スピーチ、ディスカッションにふさわしい教材はないか、と昔読んでいた本をいくつか探し出しました。
日本英語教育協会の「新英会話教本」(英検1級レベル)松本道弘、E.カッケンブッシュ共著。1981年4月刊行。
この本の構成は、Part 1 Communication Part 2 Speech Part 3 Discussion & Debateとなっています。量的にはPart 1が一番多くて、ついてPart 2 最後のPart 3 がボリュームとしてはもっとも少なくなっています。
英検対策本の一つとして出されたもので、松本先生のカラーがやや薄まっていて、その分、さまざまな読者に受け入れやすい構成になっていると言えます。
松本道弘先生は、英語学習を、吉川英治の「宮本武蔵」のように、講談というか、読み手の心を燃え立たせるものに置き換えるのが非常に巧みです。
最初の著書ではないかと思いますが、創元社の「入門英語道場」でも、英作文という手法で、英語道場という研修の場をめぐる、武蔵くんと又八くんの葛藤を描き出しました。

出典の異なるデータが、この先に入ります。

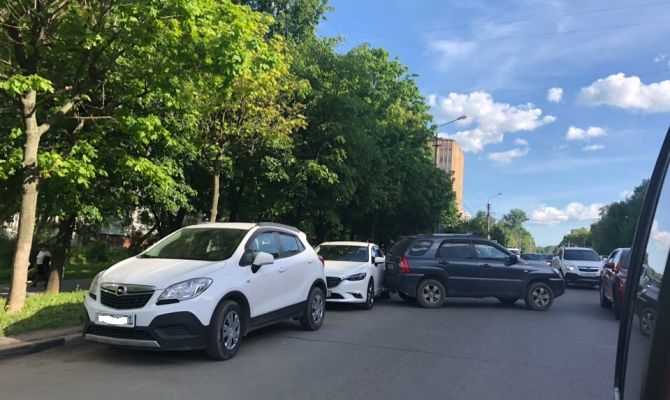 «Киа» и «Мазда» столкнулись в Советском округе Тулы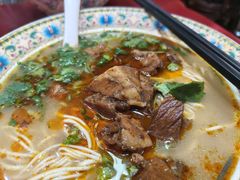 -金杨拉面王小吃面馆·牛三宝面·红烧牛肉粉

私自身、英語の使い方の表現よりもむしろ、この葛藤ぶりを楽しみに、作文演習に取り組んだものです。
今回の「英会話教本」では、そうした直接的な葛藤はありませんが、それでも、当時、一般的な考え方であった、「英語をマスターするなら海外でないと」などに対する反論や、「人生をゲームとしてとらえる」という英語的なセンスについて、わかりやすい絵解きをしてくださっています。
そういう点で、日本人が英語を学ぶ上で、ぜひ一度は考えてみておいて損はない、面白い教本になっています。
残念なのは、すでに絶版となってしまって久しい、ということです。
また装いを新たにして出していただきたい一冊だと思います。